## EXERCISE DIRECTIONS
Every record here needs to be retyped exactly.
-*-
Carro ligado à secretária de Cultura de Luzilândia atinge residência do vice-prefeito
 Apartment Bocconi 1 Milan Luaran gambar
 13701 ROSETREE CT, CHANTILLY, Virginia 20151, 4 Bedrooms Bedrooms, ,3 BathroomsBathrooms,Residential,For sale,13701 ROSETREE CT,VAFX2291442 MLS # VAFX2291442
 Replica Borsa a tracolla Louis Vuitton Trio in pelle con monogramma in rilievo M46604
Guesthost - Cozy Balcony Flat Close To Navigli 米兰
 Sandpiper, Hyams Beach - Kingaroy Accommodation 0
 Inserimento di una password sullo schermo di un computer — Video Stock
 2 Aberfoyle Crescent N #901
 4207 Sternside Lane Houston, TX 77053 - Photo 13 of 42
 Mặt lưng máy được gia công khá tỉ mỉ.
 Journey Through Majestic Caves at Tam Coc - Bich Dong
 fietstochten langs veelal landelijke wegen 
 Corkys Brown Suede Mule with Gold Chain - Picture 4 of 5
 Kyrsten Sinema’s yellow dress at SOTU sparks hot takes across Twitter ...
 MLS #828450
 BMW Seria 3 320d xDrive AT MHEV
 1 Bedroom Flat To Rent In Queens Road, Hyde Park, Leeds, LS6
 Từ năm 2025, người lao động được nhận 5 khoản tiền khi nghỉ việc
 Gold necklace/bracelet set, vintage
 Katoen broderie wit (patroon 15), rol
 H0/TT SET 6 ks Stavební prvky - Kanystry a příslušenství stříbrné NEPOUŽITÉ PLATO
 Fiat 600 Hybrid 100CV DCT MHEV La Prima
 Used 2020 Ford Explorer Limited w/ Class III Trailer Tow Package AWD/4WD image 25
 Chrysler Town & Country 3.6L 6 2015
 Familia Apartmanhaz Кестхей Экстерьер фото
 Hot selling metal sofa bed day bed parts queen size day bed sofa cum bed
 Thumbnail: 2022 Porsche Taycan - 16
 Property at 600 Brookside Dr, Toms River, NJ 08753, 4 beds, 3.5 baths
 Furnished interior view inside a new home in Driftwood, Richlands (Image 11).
-*-
## ANSWER SPACE
Carro ligado à secretária de Cultura de Luzilândia atinge residência do vice-prefeito
 Apartment Bocconi 1 Milan Luaran gambar
 13701 ROSETREE CT, CHANTILLY, Virginia 20151, 4 Bedrooms Bedrooms, ,3 BathroomsBathrooms,Residential,For sale,13701 ROSETREE CT,VAFX2291442 MLS # VAFX2291442
 Replica Borsa a tracolla Louis Vuitton Trio in pelle con monogramma in rilievo M46604
Guesthost - Cozy Balcony Flat Close To Navigli 米兰
 Sandpiper, Hyams Beach - Kingaroy Accommodation 0
 Inserimento di una password sullo schermo di un computer — Video Stock
 2 Aberfoyle Crescent N #901
 4207 Sternside Lane Houston, TX 77053 - Photo 13 of 42
 Mặt lưng máy được gia công khá tỉ mỉ.
 Journey Through Majestic Caves at Tam Coc - Bich Dong
 fietstochten langs veelal landelijke wegen 
 Corkys Brown Suede Mule with Gold Chain - Picture 4 of 5
 Kyrsten Sinema’s yellow dress at SOTU sparks hot takes across Twitter ...
 MLS #828450
 BMW Seria 3 320d xDrive AT MHEV
 1 Bedroom Flat To Rent In Queens Road, Hyde Park, Leeds, LS6
 Từ năm 2025, người lao động được nhận 5 khoản tiền khi nghỉ việc
 Gold necklace/bracelet set, vintage
 Katoen broderie wit (patroon 15), rol
 H0/TT SET 6 ks Stavební prvky - Kanystry a příslušenství stříbrné NEPOUŽITÉ PLATO
 Fiat 600 Hybrid 100CV DCT MHEV La Prima
 Used 2020 Ford Explorer Limited w/ Class III Trailer Tow Package AWD/4WD image 25
 Chrysler Town & Country 3.6L 6 2015
 Familia Apartmanhaz Кестхей Экстерьер фото
 Hot selling metal sofa bed day bed parts queen size day bed sofa cum bed
 Thumbnail: 2022 Porsche Taycan - 16
 Property at 600 Brookside Dr, Toms River, NJ 08753, 4 beds, 3.5 baths
 Furnished interior view inside a new home in Driftwood, Richlands (Image 11).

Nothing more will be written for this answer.